Conteh v Parking Partners Ltd
The 1976 Race Relations Act (RRA) defines harassment as unwanted conduct which has the purpose or effect of “creating” an intimidating or hostile environment. The Employment Appeal Tribunal (EAT) has said in Conteh v Parking Partners Ltd that a company could not be held liable for harassment if had not “created” the hostile environment in which it took place.
Ms Conteh, who is black, worked alone as a car park attendant beneath a residential development called St George’s in South London for Parking Partners Ltd.
The marketing staff for St George’s did not have to pay to use the car park, but instead had to have their tickets validated by a machine. On the evening of 14 March 2009, the machine refused to validate the ticket of a member of staff. Ms Conteh had been told not to let anyone leave the car park without a valid ticket, so refused to open the barrier.

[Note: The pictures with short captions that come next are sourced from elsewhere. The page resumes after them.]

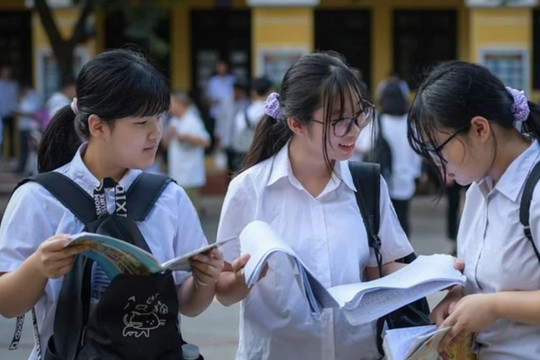 Hà Nội: Trường 8,2 điểm/môn vẫn trượt vào lớp 6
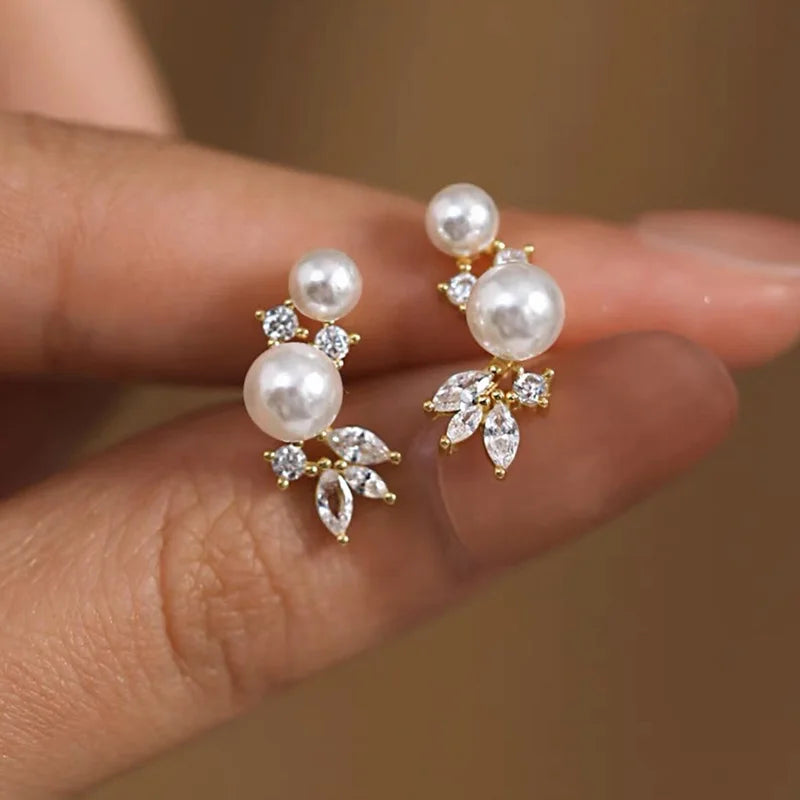Huitan Graceful Gold Color/Silver Color Stud Earrings Lady Simulated Pearl Jewelry Chic Shiny Zirconia Accessories for Wedding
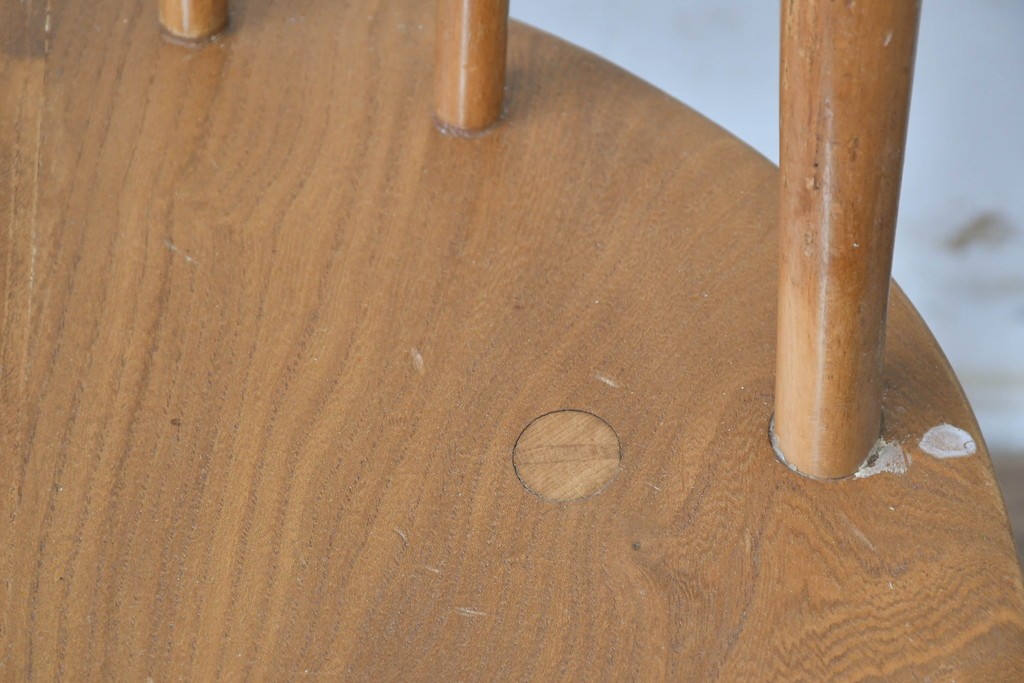 イギリスヴィンテージ　ERCOL(アーコール)　BSロゴ入り!　ウィンザーチェア　ナチュラル色のクエーカーアームチェア　(R-087328)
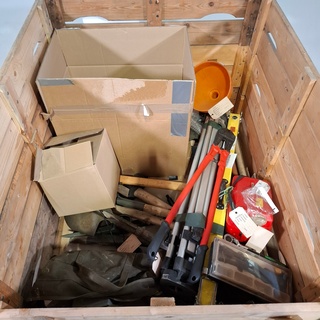 Divers gereedschap, O.a. Creusen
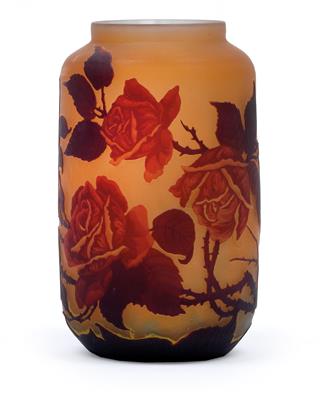 An overlaid and etched moulded “Roses” vase by Muller Frères, - Jugendstil and 20th Century Arts and Crafts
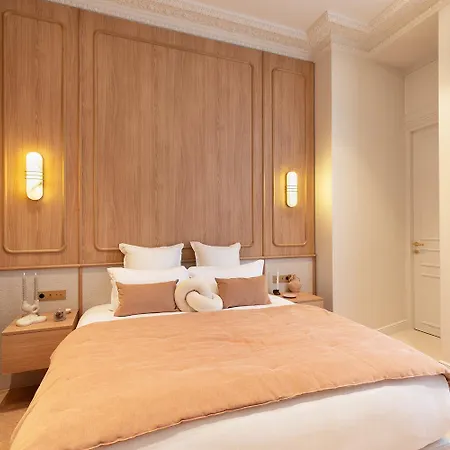 Maison Galante's With Services In Louvre - Rue Des Dechargeurs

The next day, another member of the marketing staff turned up at Ms Conteh’s office and allegedly made a series of abusive and racist comments, which included calling Ms Conteh a “fucking stupid black African bitch”. In a further incident that evening, two marketing staff members deliberately blocked the exit barrier for about 15 minutes whilst shouting at Ms Conteh.
Ms Conteh complained to her manager. He viewed the CCTV footage which showed the incident (albeit without sound) and could see that she had not reacted to having a finger jabbed in her face. He decided not to take action, however, because he was concerned that St George’s would ask for Ms Conteh to be removed from her job. Instead he changed the system so that the tickets no longer had to be validated.

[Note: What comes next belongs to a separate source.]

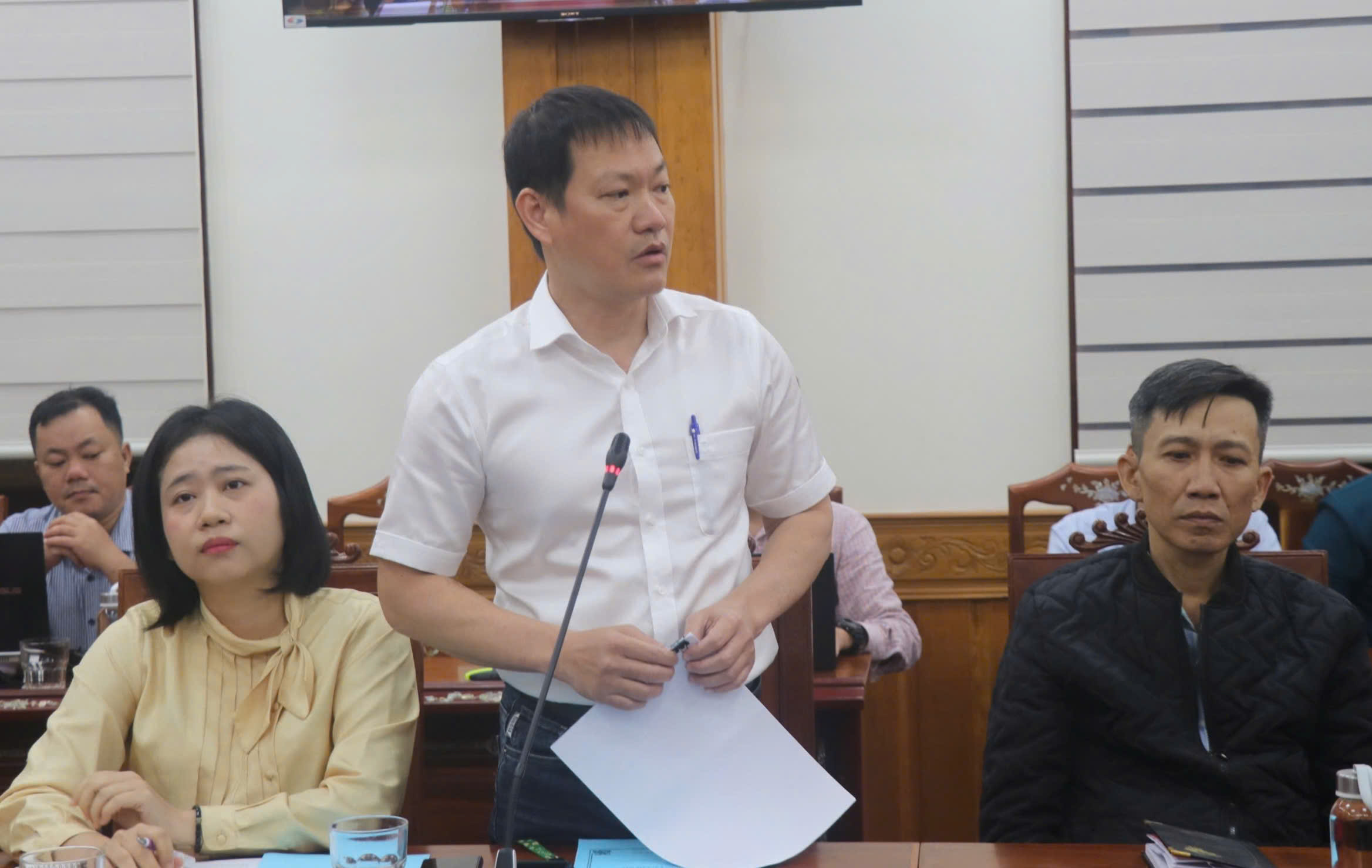 Bò thả rông trên đường ở Khu Kinh tế Nhơn Hội, Chủ tịch Bình Định nói "kỷ luật lãnh đạo" - Ảnh 4.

Ms Conteh complained of direct racial discrimination and racial harassment on the ground that her manager had not spoken to her about the new system and had effectively failed to investigate her complaint.
Section 1 states that it is direct discrimination to treat anyone “less favourably” than someone else on “racial grounds”.
Section 3A states that it is harassment to engage in unwanted conduct which has the purpose or effect of “creating an intimidating, hostile, degrading, humiliating or offensive environment”.
The tribunal, however, did not agree. It said that although the steps taken by the manager were not entirely satisfactory, he would not have done anything different had the complaint been made by a white female member of staff about racial or non-racial abuse. Ms Conteh had not therefore been treated less favourably.
As for the claim of harassment, it said that as the company had not “created” the hostile environment in which the harassment took place, it could not be held vicariously liable for the actions of a third party over which it had no direct control.
The EAT accepted that inaction on an employer’s part could amount to creating an intimidating, hostile, degrading, humiliating or offensive environment. However, on the facts of this case it was a third party who had created the hostile environment rather than the employer, and so they were not liable. In any event, the manager’s inaction had nothing to do with the fact that Ms Conteh was black.
As for the claim of direct discrimination, it was clear from the tribunal’s findings of fact that the manager’s inaction had nothing to do with Ms Conteh’s race. Whatever the nature of the abuse, “he would have taken the same lack of action to the extent that he did”.
This case was decided under the Race Relations Act 1976 which has no specific provisions making employers liable for harassment of their employees by third parties. If it had been decided under the Equality Act (effective from 1 October 2010), by contrast, the employer could well have been held liable if the harassment had occurred at least twice and they had failed to take reasonably practicable steps to prevent it.